> INPUT FOR THIS TASK
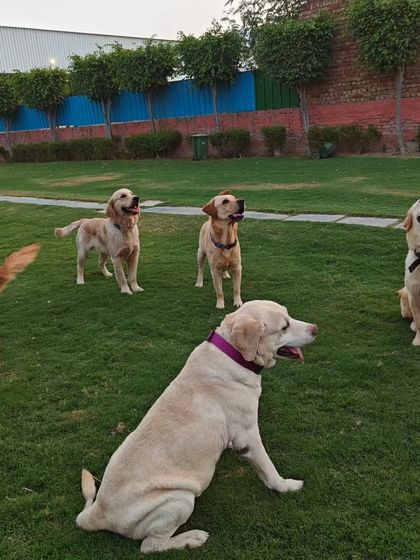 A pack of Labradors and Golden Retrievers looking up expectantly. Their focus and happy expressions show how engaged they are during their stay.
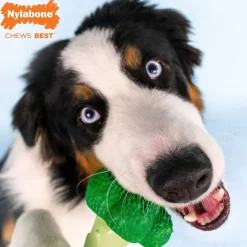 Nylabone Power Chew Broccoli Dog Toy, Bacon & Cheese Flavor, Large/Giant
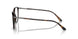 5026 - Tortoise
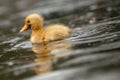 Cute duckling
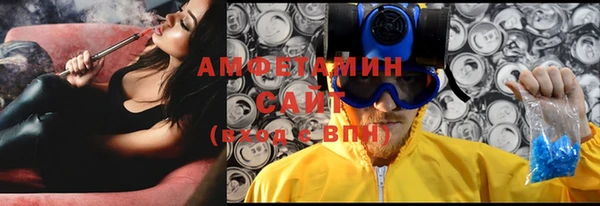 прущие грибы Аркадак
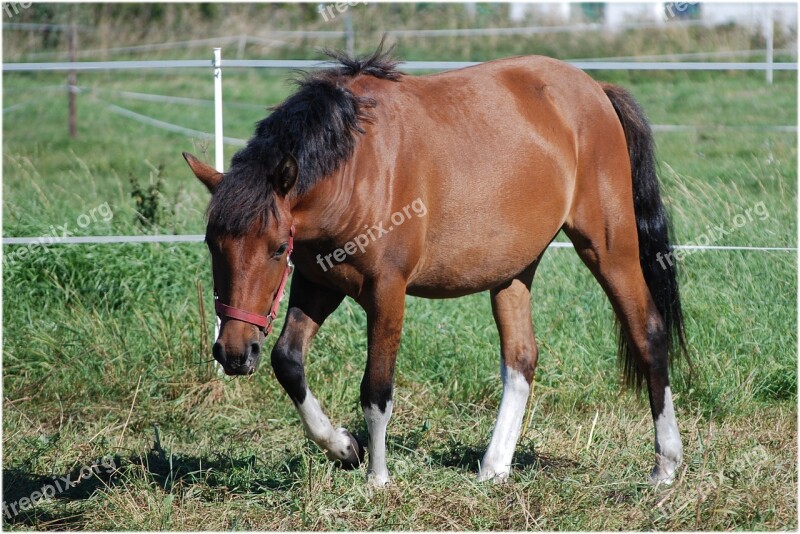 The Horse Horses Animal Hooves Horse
---
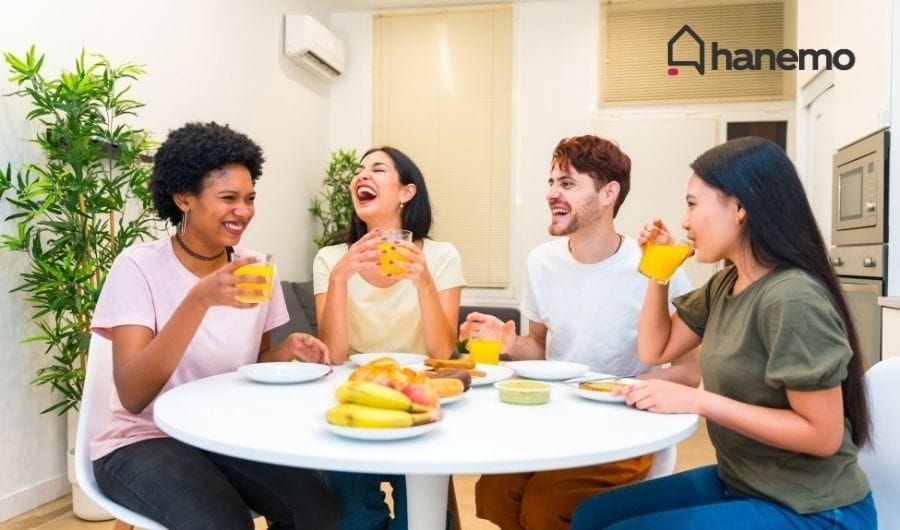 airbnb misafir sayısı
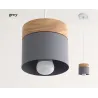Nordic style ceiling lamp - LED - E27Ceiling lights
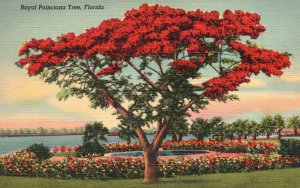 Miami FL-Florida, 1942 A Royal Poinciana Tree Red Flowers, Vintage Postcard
==
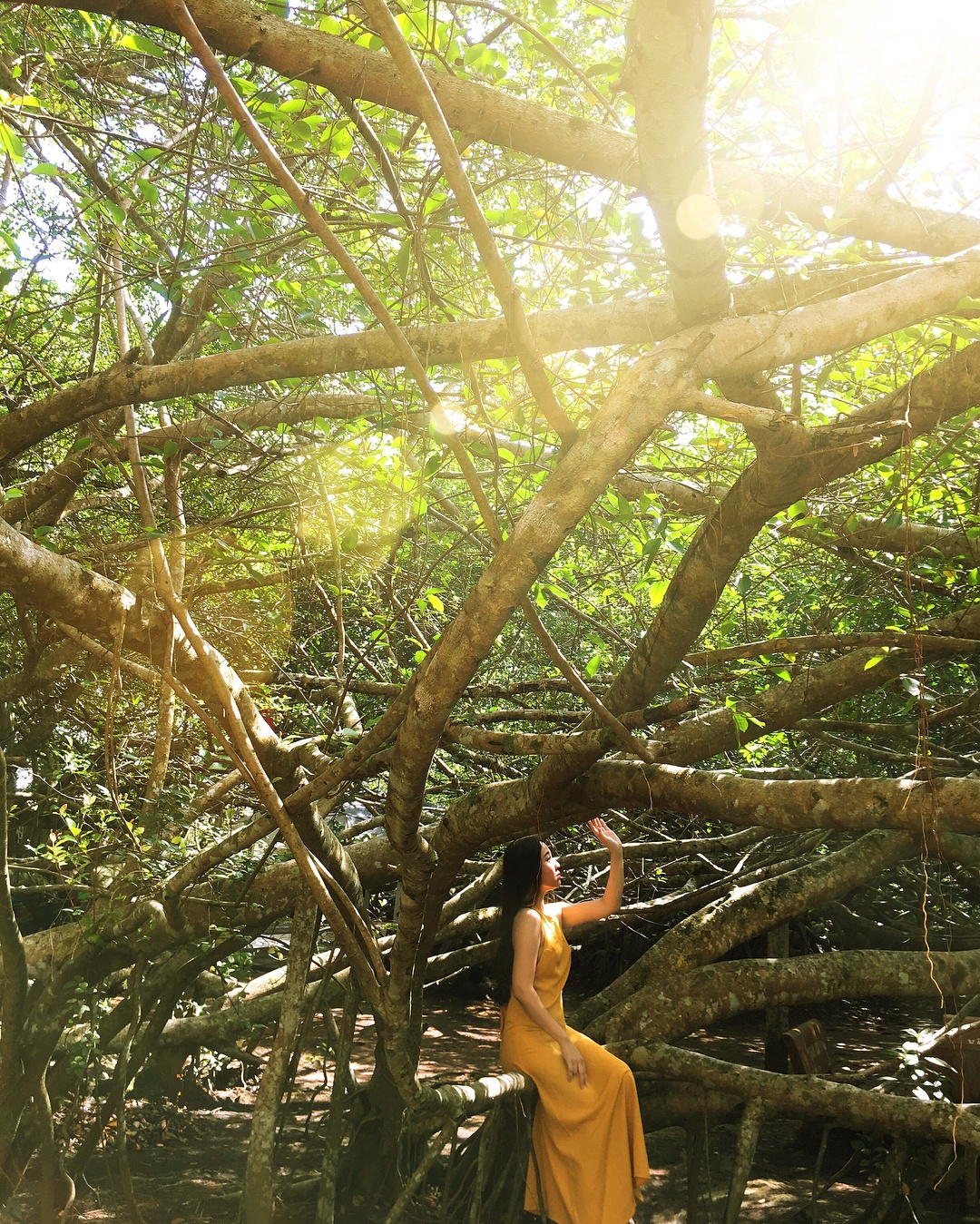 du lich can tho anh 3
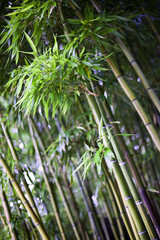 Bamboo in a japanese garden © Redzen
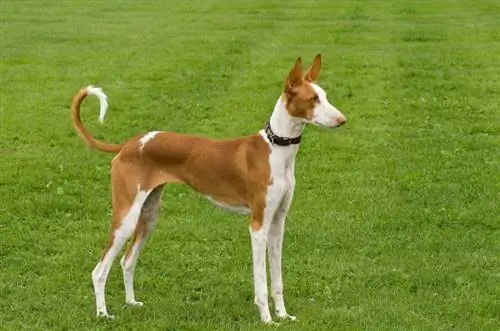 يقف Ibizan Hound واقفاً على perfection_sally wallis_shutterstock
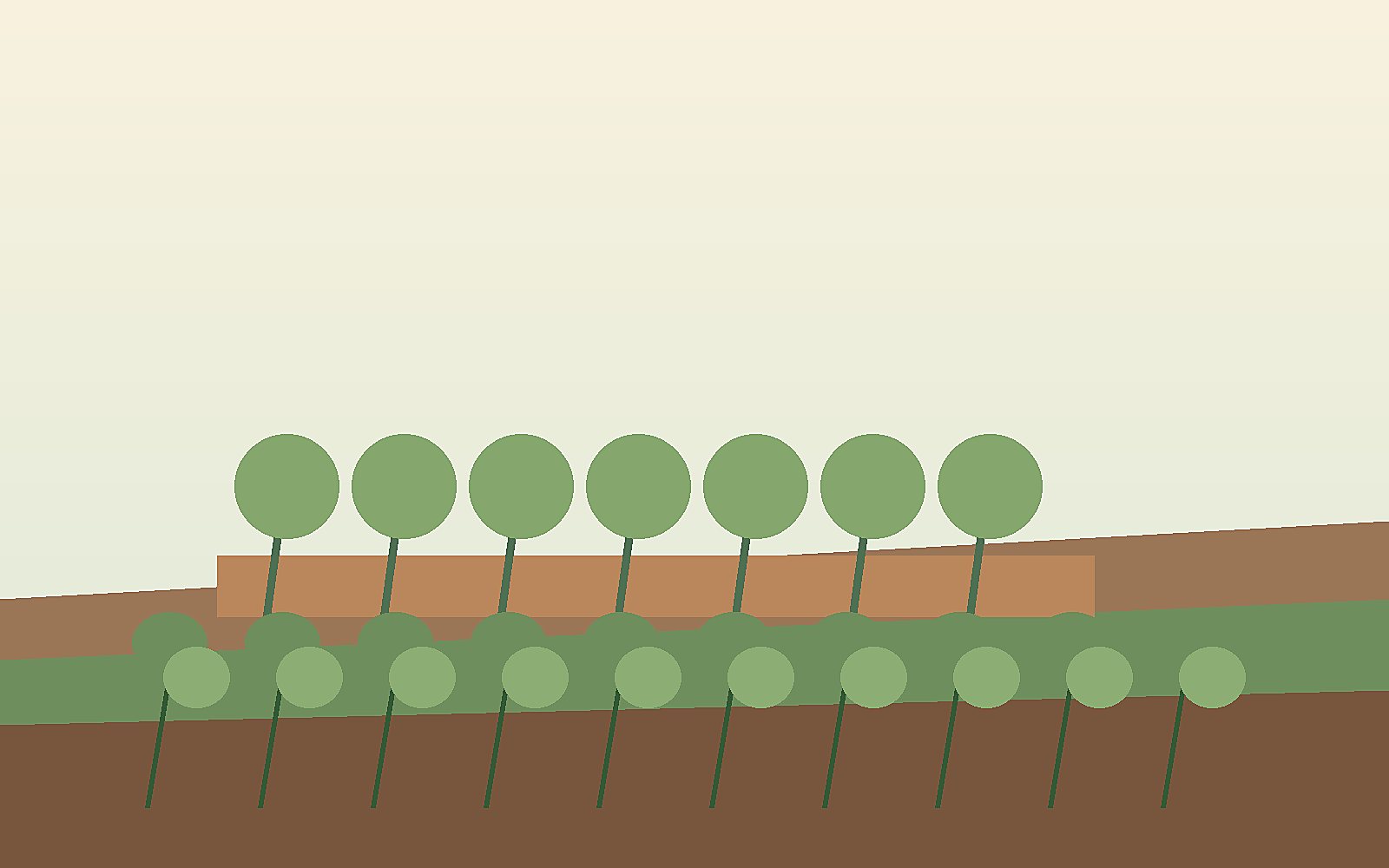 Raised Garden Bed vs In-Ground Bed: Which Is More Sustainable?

> EXERCISE DIRECTIONS
Would you print exactly the lines in the listing above, from the line bearing "Cute duckling" through the line bearing "The Horse Horses Animal Hooves Horse", leaving out all pictures?

> REPLY TO THE EXERCISE
 Cute duckling
 прущие грибы Аркадак
 The Horse Horses Animal Hooves Horse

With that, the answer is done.